__Exercise goal__:
Leave the pictures aside and copy all the data exactly.
Raw data section start
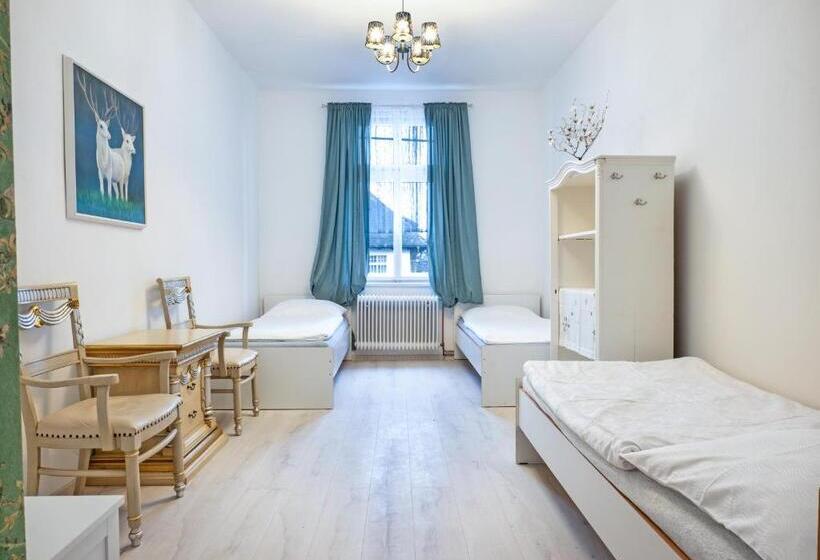 Трехместный Номер Стандарт Совместная Ванная, Vila Opočno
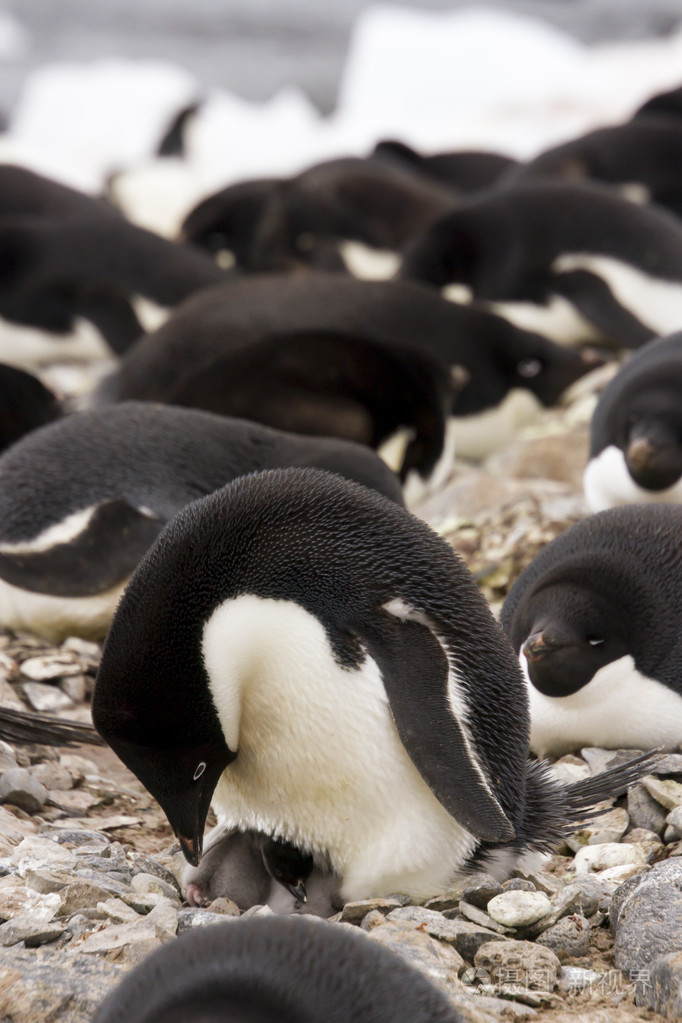 阿德利企鹅孵化照片-正版商用图片1lc8rn-摄图新视界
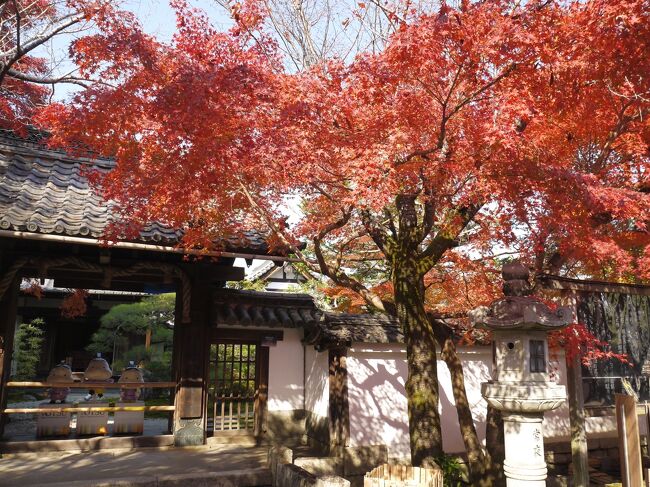 恐る恐るの京都旅行　２日目は喧噪な京都市内観光を避け、大津の西国三十三ヵ所霊場を回ります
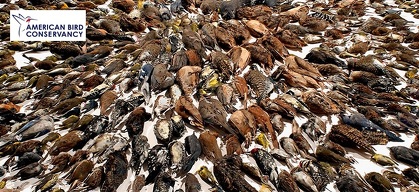 An Overview of Bird-Friendly Building Design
Raw data section end
__Completed task__:
 Трехместный Номер Стандарт Совместная Ванная, Vila Opočno
 阿德利企鹅孵化照片-正版商用图片1lc8rn-摄图新视界
 恐る恐るの京都旅行　２日目は喧噪な京都市内観光を避け、大津の西国三十三ヵ所霊場を回ります
 An Overview of Bird-Friendly Building Design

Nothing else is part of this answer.